To The Point

A Tutorial In Visual Studio, Unity, and Git

Aug 03 2016

Working
After working with TFS source control and Visual Studio on Unity projects, by myself or with one team member, I appreciate the features and easy integration of TFS and Unity. However, I found branching and merging wasn't intuitive. Also, I tended not to rely on the Visual Studio Online tools, and would rather not have the tools than have them and ignore them. I decided to try Git source control with Visual Studio 2013 Community Edition and Unity 5 Personal Edition. Git, initially, could not commit while Unity was open, and wouldn't ignore any file in the local repository. The following are the steps I used to make the three tools work together. First I created a Git repository online, "HelloUnityRepo". Next step was creating a new Unity 5 project, "HelloUnity", with the Visual Studio 2013 Tools Assets Package included. In HelloUnity's project settings, Edit -> Project Settings -> Editor, I switched Version Control Mode to Visibile Meta Files. Ignoring these Unity meta files is the most important part of Git with Unity, but if the Version Control Mode is set to Hidden Meta Files, then this process is likely to become whack a mole.

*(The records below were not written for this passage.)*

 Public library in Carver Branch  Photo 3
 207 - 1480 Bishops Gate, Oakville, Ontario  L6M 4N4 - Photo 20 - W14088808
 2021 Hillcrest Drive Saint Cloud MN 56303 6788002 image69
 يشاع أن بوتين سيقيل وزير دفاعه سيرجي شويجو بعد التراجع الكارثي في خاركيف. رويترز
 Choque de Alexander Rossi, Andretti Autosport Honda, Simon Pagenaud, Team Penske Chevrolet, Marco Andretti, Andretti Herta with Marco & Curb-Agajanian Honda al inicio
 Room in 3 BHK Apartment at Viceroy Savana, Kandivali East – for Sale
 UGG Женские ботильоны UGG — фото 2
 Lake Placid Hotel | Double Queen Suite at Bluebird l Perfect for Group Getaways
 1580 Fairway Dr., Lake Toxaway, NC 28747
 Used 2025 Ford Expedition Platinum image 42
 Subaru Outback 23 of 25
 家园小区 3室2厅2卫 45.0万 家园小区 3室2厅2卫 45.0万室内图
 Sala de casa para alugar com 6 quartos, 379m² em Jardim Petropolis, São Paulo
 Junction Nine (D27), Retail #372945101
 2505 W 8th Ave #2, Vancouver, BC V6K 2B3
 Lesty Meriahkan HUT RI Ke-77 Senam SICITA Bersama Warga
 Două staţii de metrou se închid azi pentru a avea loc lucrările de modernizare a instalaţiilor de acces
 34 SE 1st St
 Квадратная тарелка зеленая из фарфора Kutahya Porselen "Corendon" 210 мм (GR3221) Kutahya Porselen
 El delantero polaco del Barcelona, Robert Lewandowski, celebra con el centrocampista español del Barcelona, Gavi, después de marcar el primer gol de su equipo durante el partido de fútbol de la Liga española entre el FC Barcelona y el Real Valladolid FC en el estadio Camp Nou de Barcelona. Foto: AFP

I saved the scene, quit Unity, deleted everything in the root of HelloUnity except the Assets and ProjectSettings directories, opened Git Bash and pushed to HelloUnityRepo/origin. I re-opened HelloUnity in Unity, then found the root in the folder explorer. I added a new text file: Temp/ Obj/ Library/ ExportedObj/ *.svd *.userprefs *.csproj *.pidb *.suo *.sln *.user *.unityproj *.booproj .DS_Store .DS_Store? ._* .Spotlight-V100 .Trashes Icon? ehthumbs.db Thumbs.db and saved it as gitignore.txt. The only strategy for saving extension-less files on Windows 8.1 I got to work was to open the console in the root and execute: "ren gitignore.txt .gitignore" I can now use Git through Visual Studio's Team Explorer while Unity is open with no erratic behavior, and no dozens of temporary or metadata files to commit.